15) What is the value of the van't Hoff factor for a 0.64 molar aqueous solution of acetone?
16) 2 solutions, a 0.1% (m/v) albumin solution (compartment A) and a 2% (m/v) albumin solution (compartment B), are separated by a semi-permeable membrane. (Albumins are colloidal proteins).
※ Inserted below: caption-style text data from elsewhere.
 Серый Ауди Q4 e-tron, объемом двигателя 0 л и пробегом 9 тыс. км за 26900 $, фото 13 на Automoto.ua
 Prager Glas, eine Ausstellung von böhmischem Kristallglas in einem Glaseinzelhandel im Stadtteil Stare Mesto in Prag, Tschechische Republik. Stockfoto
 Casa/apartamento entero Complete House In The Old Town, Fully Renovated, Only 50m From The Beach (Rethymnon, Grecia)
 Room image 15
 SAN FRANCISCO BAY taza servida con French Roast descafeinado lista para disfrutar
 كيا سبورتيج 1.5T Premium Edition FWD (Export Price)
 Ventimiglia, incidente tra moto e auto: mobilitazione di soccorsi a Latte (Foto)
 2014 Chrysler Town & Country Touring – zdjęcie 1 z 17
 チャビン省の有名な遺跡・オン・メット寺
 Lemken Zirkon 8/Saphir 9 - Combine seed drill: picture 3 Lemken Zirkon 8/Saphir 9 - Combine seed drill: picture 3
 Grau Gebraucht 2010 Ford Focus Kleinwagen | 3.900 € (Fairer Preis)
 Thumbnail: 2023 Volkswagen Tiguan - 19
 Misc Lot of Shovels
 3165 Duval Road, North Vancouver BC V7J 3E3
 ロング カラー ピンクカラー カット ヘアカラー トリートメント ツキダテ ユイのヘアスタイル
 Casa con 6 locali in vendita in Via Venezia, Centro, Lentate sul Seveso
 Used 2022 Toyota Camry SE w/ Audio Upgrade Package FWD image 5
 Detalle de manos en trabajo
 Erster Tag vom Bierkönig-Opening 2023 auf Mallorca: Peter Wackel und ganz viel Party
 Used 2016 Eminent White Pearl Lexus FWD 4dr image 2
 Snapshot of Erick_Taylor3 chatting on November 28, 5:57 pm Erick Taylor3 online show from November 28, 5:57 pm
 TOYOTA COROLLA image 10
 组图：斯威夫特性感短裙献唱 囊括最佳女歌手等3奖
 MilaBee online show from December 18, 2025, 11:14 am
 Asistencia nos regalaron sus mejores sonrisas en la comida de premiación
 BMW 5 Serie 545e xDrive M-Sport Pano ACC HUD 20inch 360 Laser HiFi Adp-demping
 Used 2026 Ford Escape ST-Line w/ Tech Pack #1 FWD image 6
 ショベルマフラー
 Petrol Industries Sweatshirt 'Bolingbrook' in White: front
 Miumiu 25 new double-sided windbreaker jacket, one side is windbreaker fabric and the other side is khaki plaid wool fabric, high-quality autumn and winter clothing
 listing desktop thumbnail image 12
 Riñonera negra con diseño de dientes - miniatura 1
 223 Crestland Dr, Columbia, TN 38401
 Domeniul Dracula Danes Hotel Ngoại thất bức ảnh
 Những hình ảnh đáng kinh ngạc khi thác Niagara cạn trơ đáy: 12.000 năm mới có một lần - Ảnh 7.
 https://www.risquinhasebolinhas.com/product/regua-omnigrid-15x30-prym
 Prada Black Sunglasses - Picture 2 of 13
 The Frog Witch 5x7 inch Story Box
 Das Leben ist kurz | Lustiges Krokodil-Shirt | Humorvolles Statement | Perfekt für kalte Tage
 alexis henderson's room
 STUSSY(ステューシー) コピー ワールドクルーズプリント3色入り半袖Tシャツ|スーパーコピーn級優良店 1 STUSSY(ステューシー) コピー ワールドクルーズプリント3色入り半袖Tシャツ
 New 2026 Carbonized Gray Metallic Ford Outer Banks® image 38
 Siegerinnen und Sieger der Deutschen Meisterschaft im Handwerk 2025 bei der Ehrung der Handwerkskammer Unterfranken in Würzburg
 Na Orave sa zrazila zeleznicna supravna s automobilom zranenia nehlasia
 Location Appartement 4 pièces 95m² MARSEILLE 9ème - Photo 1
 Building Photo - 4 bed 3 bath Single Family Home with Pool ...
a) Which compartment will have the higher osmotic pressure?Answer:
b) Which compartment will lose water?
c) If some NaCl is added to compartment A, will the sodium and chloride ions stay in compartment A, or will some cross the membrane to compartment B?
a) compartment B due to the higher albumin concentration in B.
b) compartment A. Since it has the lower albumin concentration, it has the higher water "concentration."
c) As long as the membrane isn't selective against Na+ and Cl¯ ions, then they will flow to B so they attain equilibrium. Why can the Na+ and Cl¯ flow through the membrane but not albumin? Albumin is much lager than the NaCl ions. That's why in part B, compartment A loses water to compartment B instead of compartment B losing albumin to compartment A.